**Data to examine**
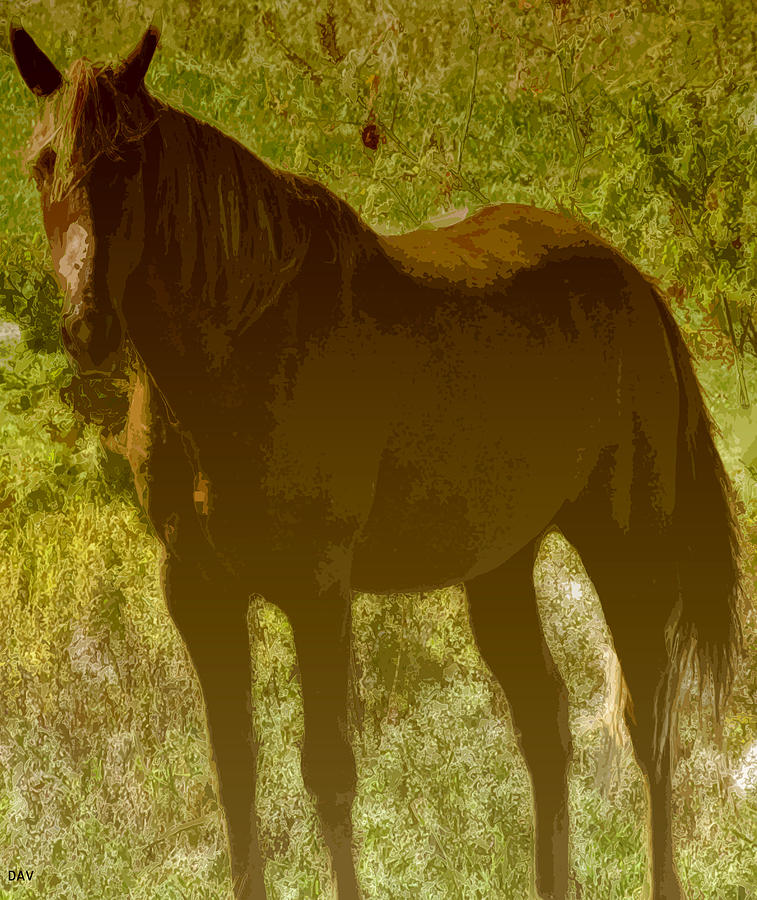 Horse Patch Digital Art by Debra     Vatalaro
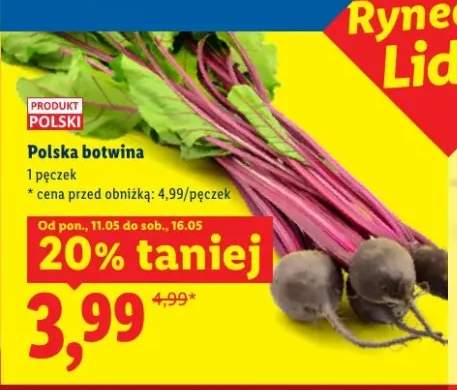 Polska botwina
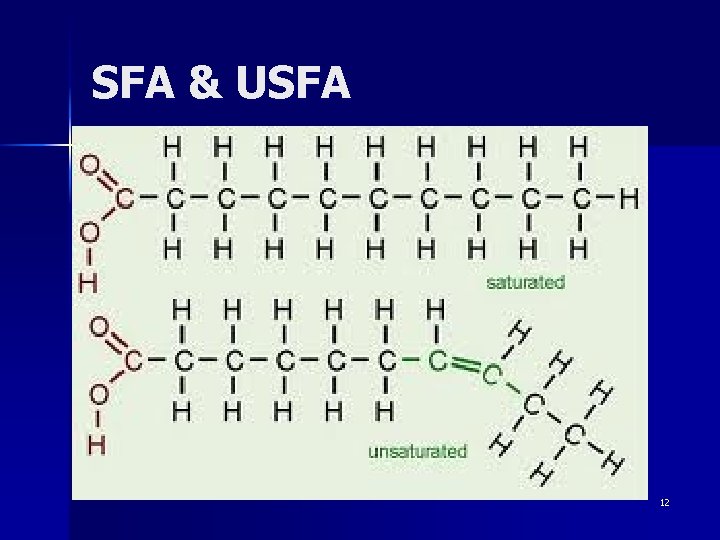 SFA & USFA 12 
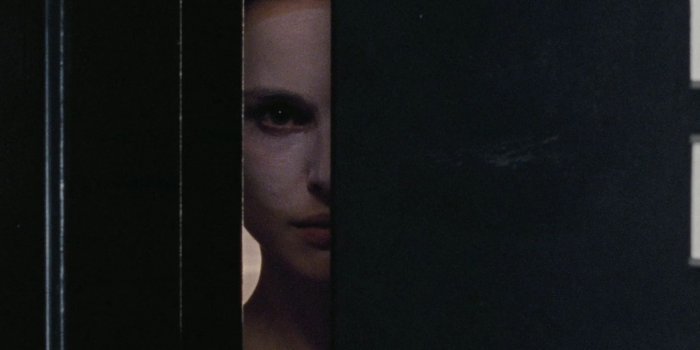 1920x1080 File: Black Swan Wallpapers-D659997.jpg | WallpapersExpert.com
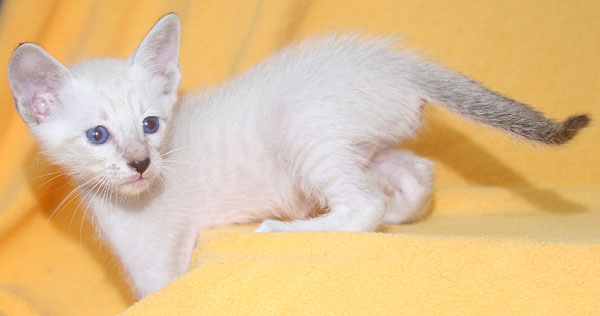 Photo: Carolin Skirl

**Your assignment**
Copy every record above exactly, leaving out the pictures.

**Solution**
 Horse Patch Digital Art by Debra     Vatalaro
 Polska botwina
 SFA & USFA 12 
 1920x1080 File: Black Swan Wallpapers-D659997.jpg | WallpapersExpert.com
 Photo: Carolin Skirl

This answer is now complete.